In some of the 31 prints we can see personal items and evidence that the room is being inhabited. In this sense, I say to Crosher, the series becomes a bit of a self-portrait as well.
“For sure,” she replies, pointing out that many of the images acknowledge her presence in how they are shot and what they include. “I would have these little hints, and sometimes I would shoot so that the beds were in the foreground to kind of look like a body, so there would be references to figures.” The viewer, then, is put “in a space where something has happened or will happen,” and so he or she becomes part of “that potential narrative.”
The narrative that runs through her work, the focus on the “imaginary,” may remind us of Cindy Sherman. Presumably Crosher has many influences and photographic ancestors, but for me that’s who comes to mind.
“I’ve been waiting for somebody to do this show,” Crosher says. “So when Colin came up with it, and then this whole history of being in El Segundo and being near the airport, it’s like serendipity.”
And, of course, if we step outside the building…
“We see the planes.”
Breaking, entering, and shooting
John Divola has been recognized as one of L.A.’s most prominent photographers.

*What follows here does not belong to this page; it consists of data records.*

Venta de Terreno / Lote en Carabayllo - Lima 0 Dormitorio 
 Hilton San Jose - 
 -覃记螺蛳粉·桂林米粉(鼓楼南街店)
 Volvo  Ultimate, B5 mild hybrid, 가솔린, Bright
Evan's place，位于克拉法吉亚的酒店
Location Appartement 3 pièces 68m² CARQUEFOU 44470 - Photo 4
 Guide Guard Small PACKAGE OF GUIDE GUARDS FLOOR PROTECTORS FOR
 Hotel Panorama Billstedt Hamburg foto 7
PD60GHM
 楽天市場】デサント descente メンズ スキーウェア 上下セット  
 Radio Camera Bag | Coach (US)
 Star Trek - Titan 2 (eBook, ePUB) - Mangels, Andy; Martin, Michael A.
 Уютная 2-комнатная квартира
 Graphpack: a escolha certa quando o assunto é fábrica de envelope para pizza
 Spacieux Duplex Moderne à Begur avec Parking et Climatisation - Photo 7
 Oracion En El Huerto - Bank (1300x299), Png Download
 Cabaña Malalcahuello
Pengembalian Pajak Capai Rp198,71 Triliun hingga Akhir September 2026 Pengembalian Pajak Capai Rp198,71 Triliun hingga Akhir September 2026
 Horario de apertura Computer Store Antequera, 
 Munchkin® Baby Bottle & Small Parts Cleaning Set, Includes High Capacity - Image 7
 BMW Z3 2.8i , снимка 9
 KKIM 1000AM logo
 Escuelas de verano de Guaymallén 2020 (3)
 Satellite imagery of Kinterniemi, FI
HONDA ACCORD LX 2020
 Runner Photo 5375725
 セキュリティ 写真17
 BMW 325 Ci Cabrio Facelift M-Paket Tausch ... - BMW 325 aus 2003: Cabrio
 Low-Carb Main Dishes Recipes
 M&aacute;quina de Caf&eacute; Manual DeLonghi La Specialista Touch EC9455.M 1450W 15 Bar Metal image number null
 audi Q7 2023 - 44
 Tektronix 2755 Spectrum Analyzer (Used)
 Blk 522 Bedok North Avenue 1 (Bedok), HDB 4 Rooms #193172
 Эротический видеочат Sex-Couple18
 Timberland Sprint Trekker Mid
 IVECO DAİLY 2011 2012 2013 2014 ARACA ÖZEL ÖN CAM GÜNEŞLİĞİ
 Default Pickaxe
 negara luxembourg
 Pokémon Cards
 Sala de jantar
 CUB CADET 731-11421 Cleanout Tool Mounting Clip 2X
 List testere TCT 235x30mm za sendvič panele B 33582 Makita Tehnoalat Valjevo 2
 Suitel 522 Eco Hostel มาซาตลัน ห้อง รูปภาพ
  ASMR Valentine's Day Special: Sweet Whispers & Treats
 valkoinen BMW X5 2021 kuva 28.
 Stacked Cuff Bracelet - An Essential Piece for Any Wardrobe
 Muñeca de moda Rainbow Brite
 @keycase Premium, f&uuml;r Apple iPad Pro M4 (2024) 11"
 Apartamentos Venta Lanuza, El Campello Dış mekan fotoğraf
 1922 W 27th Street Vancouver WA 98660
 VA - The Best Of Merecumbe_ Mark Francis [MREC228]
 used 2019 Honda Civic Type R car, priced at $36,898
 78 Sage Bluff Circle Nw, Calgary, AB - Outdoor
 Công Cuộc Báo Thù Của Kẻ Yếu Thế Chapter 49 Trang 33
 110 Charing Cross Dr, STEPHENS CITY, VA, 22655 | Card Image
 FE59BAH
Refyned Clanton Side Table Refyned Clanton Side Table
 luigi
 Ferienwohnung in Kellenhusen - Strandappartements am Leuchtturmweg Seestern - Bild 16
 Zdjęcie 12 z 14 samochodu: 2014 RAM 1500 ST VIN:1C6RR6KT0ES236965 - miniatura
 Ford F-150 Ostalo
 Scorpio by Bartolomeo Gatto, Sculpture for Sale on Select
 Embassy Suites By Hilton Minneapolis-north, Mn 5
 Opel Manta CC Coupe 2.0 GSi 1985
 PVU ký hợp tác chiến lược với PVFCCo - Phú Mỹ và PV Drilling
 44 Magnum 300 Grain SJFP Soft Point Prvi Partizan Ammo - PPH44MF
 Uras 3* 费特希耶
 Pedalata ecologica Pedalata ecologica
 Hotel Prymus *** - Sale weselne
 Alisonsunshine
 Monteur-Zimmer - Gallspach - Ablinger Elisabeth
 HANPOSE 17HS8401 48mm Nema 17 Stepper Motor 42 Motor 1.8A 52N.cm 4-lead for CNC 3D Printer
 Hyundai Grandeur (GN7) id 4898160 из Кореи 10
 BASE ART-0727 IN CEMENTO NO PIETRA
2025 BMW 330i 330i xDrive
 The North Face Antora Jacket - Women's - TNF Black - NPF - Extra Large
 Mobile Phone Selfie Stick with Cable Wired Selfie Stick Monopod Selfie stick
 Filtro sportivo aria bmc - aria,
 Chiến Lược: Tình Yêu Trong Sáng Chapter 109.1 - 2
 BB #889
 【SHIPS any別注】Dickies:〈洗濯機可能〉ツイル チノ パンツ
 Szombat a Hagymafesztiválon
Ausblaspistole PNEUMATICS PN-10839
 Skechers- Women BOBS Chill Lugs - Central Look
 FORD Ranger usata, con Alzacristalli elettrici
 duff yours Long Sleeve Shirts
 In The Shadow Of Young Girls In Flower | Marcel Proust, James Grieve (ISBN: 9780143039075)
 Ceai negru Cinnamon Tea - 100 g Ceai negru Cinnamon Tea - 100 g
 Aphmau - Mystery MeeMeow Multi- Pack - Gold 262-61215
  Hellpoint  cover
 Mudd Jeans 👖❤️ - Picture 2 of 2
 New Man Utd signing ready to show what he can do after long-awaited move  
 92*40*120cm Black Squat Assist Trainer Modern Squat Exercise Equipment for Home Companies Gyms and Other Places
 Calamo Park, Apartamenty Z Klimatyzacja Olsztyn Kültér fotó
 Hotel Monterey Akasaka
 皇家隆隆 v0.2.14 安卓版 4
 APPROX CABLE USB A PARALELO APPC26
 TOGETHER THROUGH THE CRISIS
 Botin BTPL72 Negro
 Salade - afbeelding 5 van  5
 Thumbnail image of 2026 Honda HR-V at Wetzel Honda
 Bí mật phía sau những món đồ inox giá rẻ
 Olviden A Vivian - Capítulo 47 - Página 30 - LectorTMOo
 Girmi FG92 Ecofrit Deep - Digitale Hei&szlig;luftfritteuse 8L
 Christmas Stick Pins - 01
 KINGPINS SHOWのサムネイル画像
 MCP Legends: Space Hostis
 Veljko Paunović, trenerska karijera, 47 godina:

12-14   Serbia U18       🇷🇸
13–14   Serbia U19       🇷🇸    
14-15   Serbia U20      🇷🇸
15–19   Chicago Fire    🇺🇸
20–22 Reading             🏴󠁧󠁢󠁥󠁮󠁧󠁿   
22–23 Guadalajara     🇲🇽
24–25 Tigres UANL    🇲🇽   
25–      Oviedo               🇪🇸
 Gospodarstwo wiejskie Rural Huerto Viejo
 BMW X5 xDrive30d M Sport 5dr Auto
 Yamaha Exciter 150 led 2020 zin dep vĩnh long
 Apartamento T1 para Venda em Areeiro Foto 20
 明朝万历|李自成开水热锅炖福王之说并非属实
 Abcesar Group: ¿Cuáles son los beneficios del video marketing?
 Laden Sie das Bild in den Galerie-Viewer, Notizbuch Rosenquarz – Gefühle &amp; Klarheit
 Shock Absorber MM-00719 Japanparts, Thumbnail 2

He’s received fellowships from the National Endowment for the Arts, and a Guggenheim Fellowship in 1986. For his “Zuma Beach” series he entered deserted homes, spray-painted, and then photographed the scene with a view out towards the ocean. Among his compelling bodies of work we find “As Far as I Could Get,” in which he set the timer on his camera for 10 seconds and then beat a fast retreat on foot. “Dogs Chasing my Car in the Desert” is just that, two velocities captured in one frame. He’s also been a long-time instructor at UC Riverside.
As for his “LAX Site” series now on view at ESMoA…
He’s referring to the homes that were to be demolished or removed when the airport expanded.
Divola’s initial work, such as “Untitled (Man Watering Lawn)” and “Untitled (Young Woman on Sidewalk),” from the period of 1971-73, are fairly conventional and exactly as described, but then we see that sense of desolation-in-paradise in the 1975 work, “Los Angeles International Airport Noise Abatement Zone Exterior View B”.
“And then at one point I got really interested in observing the forced entries where people would break in.” Divola says that the airport authority would be onsite cleaning up the area from Monday through Friday, but come Friday afternoon the kids would show up and break in again.
“I would go (there) over the weekend and document where they broke in, and my interest was primarily more esthetic than social at the time. When I was painting in houses it was my own gesture in relation to what was there. Often there were other gestures… the gesture of the architect, the gesture of the people who lived there, the gesture of the person who hits a hole in the wall.
“So, even in that earlier work,” Divola continues, “I wasn’t really differentiating between my gestures and the gestures of others. And here the gesture is a broad gesture of someone breaking into the house. So I was interested in that in relationship with the specificity of the circumstance. In that way, it’s not dissimilar to what’s going on in art generally, which is ideas about gesture and abstraction. It’s just that in photographs it’s never completely abstract.
“And so,” summing up what motivated him, Divola says that “I was interested in that relationship between gesture, abstraction, and specificity. I’m not uninterested in it having a certain kind of social echo to it, but that’s not the primary, central interest of mine. Mine’s a little more esoteric, art-oriented and maybe existential.”
The two bodies of work, Divola’s and Crosher’s, while starkly different, do orbit the same sun, which in this instance is the incidental but sociological history and legacy of LAX, and as Colin Westerbeck aptly noted, ESMoA is the perfect venue for this exhibition.